Alitto's communication skills allowed him to broach sensitive topics. "I wanted to know more about the Great Famine between 1959 and 1961, but given the sensitivity of the issue few people spoke freely about it. So I mentioned not the Great Famine, but a locust plague that had ravaged Zouping in the 1920s.
"I remember asking a man in his 80s, 'You must have seen deaths during the locust plague, right?' And his immediate reaction was: "No, no, no, not many died at that time, but a lot of people died during the Great Famine.'"
Alitto often found himself in the role of a confidant. "Some people told me that their fathers beat their mothers, or that their fathers were opium smokers or gamblers - things that hurt yet had never been mentioned before."
Nowadays, the two buildings the researchers occupied in Fengjiacun stand as a reminder of their time in Zouping and also of the heyday of the village. Built in 1987, the 16-room, two-story houses were used by all the academics who visited during the five-year project. The exteriors still carry the original yellow paint and have yellow and green roof tiles, but inside the rooms are dilapidated, with cracked ceilings, peeling walls and ill-fitting windows that allow the winter wind to whistle through.
However, many features indicate the efforts the local government made to make the foreign guests comfortable. "After the buildings were completed, I traveled to Zibo, Shandong's fourth-biggest city, about 20 kilometers away, to buy flush toilets and porcelain bathtubs. Back then, those things were absolute novelties in Zouping," Feng says.
In the 1980s and '90s, Feng Yongxi, a distant relation of Feng Yuezhao, was the Party chief of Fengjiacun.
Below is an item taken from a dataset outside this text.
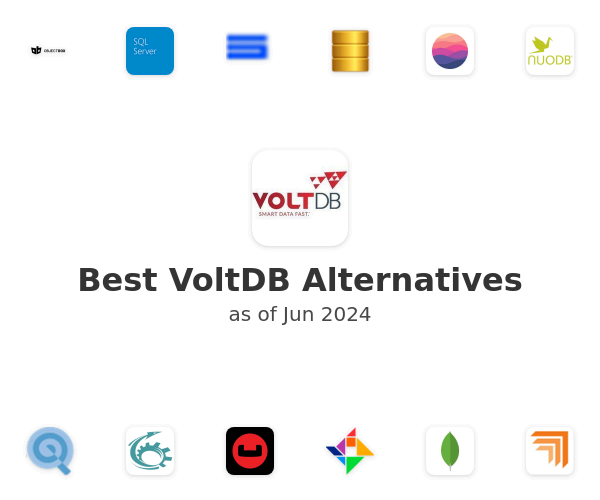 Best VoltDB Alternatives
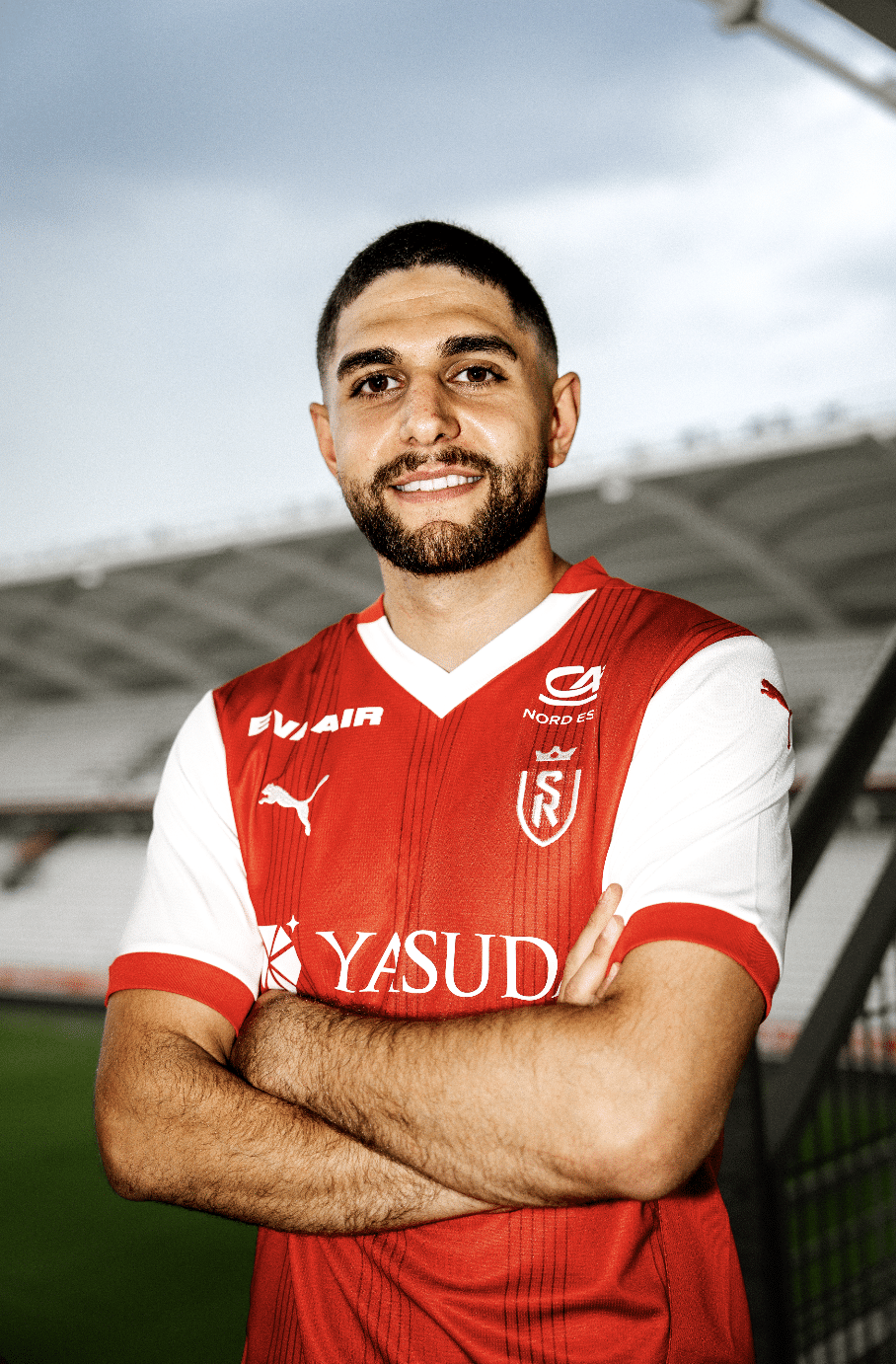 Maillot Domicile Stade de Reims 2024-2025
Alitto remembers him as "gruff upon initial contact, but (he) turned out to be a very sweet person: generous, understanding and accommodating". In 1987, Alitto invited Feng Yongxi to dinner at his home when the official was a member of the first delegation from Zouping to visit Chicago.
Feng Yongxi's old home stands a few minutes' walk from the researchers' residences. Although his bedroom has been empty since he died at 81 in 2013, black-and-white photos still hang on the wall, showing him with his American friends.
According to Feng Yuezhao, the US academics lived in Zouping and Fengjiacun during the best of times. "Back then, agriculture formed the basis of our economy. Several years of large harvests made our village the richest in Zouping," he says.
That's no longer the case. On a chilly winter afternoon, Fengjiacun's streets were almost deserted. "Nearly all the young people have left to work in factories. Few of them are interested in agriculture," he says.